Interdisciplinary Program in Bioinformatics, Seoul National University, Seoul, Republic of Korea, 08826.
eGnome, Incorporated, Seoul, Republic of Korea, 05836.
Genome Res. 2024 Jun 25;34(5):784-795. doi: 10.1101/gr.278566.123.
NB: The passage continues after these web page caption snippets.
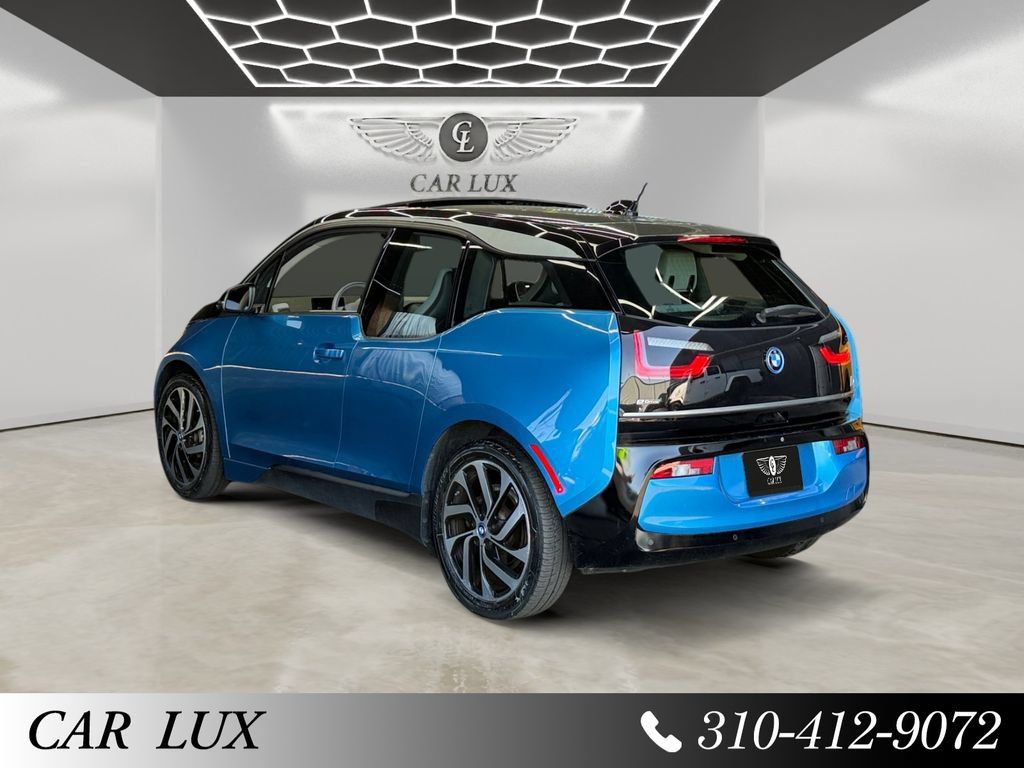 Used 2018 BMW i3 RWD image 3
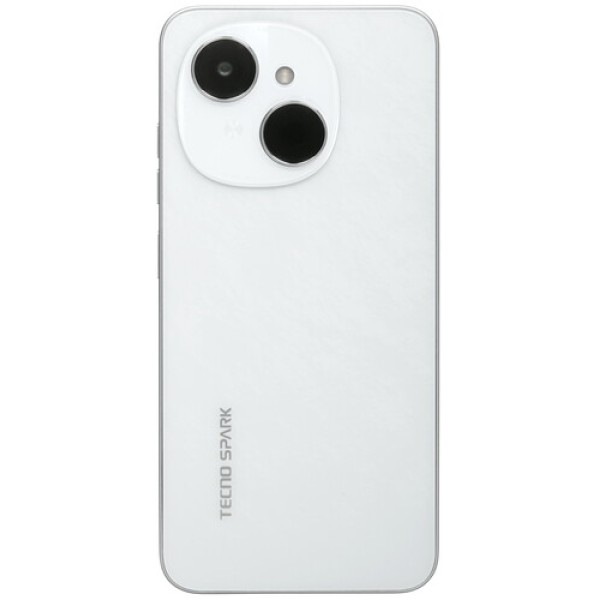 6.67" Смартфон Tecno SPARK GO 1 128 ГБ белый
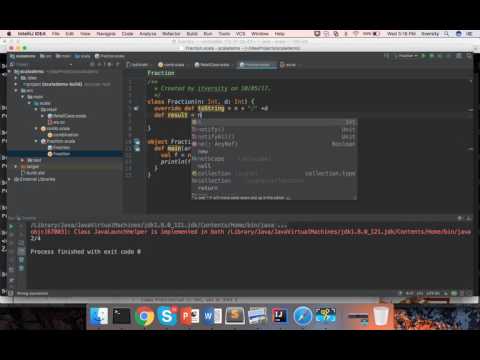 Scala - Operators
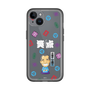 スリムプロテクションプレミアムケース［ 笑点 - 三遊亭 小遊三 - 白 ］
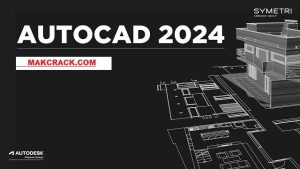 Autodesk AutoCAD 2024 Crack & Activation Key (100% Working)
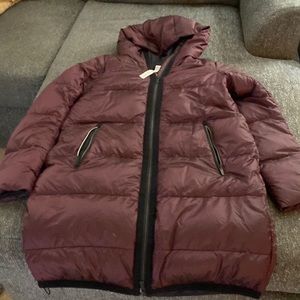 Lululemon winter coat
In biological research, the identification and comparison of genes within specific pathways across the genomes of various species are invaluable. However, annotating the entire genome is resource intensive, and sequence similarity searches often yield results that are not actually genes. To address these limitations, we introduce Pathway Gene Search (PaGeSearch), a tool designed to identify genes from predefined lists, especially those in specific pathways, within genomes. The tool uses an initial sequence similarity search to identify relevant genomic regions, followed by targeted gene prediction and neural network-based result filtering. PaGeSearch suggests the regions that are most likely the orthologs of the genes in the query and is designed to be applicable for species within five classes: mammals, fish, birds, eudicotyledons, and Liliopsida. Compared with GeMoMa and miniprot, PaGeSearch generally outperforms in terms of sensitivity and positive predictive value, as well as negative predictive value. Also, the exon coverage of gene models from PaGeSearch is higher compared with those in GeMoMa and miniprot. Although its performance shows increased variability when applied to actual biological pathways, it nonetheless maintains an acceptable level of accuracy. Evaluating PaGeSearch across different assembly levels, chromosome, scaffold, and contig shows minimal variation in outcomes, indicating that PaGeSearch is resilient to variations in assembly quality.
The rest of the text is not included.